US: Mit Rennzügen COVID-19 Krise bekämpfen? (Allgemeines Forum)

Oscar (NL), Eindhoven (NL), Donnerstag, 25.06.2020, 13:59 (vor 2110 Tagen) @ oska

GibMirZucker:

Es wäre eine sinnvolle und langfristig sinnvolle Massnahme zur Förderung der Wirtschaft. Die Frage ist nur: selbst wenn das Geld fließt, sind die USA noch in der Lage, solche Projekte auszuführen? Dazu ist viel KnowHow notwendig, vom obersten Ingenieur über den Vorarbeiter bis zum Schweißer! Von der richtigen Betonmischung, Stahl für Achsen bis zur Software für die Signalisation.

Was Du beschreibst, ist vor allem Menschkraft ("Know-Who") und erst danach Kenntnisse.

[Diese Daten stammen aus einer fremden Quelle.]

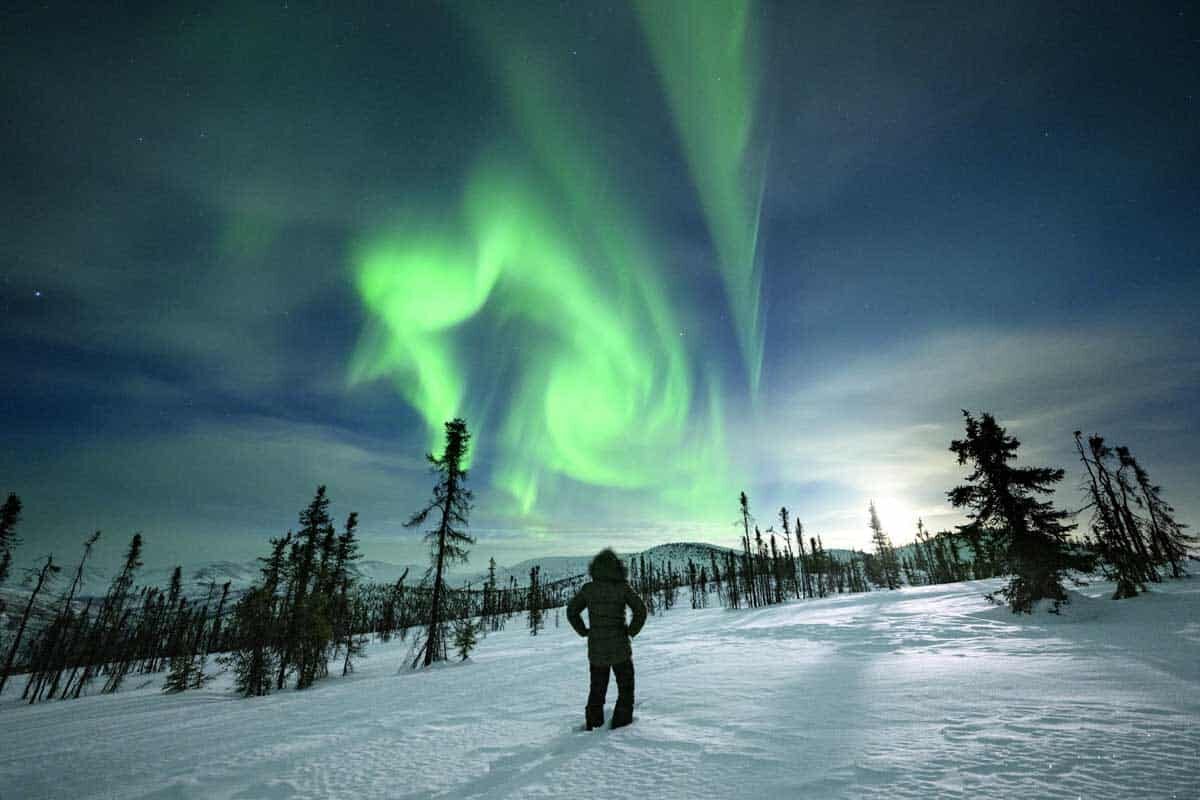 aurora-alaska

Und wenn Kenntnisse nicht vorhanden sind, kann man die importieren.
Bei den Mississippi-Deltawerken haben die Amis z.B. von den Niederländern gelernt.
Die USA sind bereit, HGV-Technologie aus Japan zu importieren (vor allem wegen dessen "track record": zig Milliarden Fahrgäste, kein einziges Todesopfer, und das alles trotz Erdbeben, Sturmwinde und Tsunamis).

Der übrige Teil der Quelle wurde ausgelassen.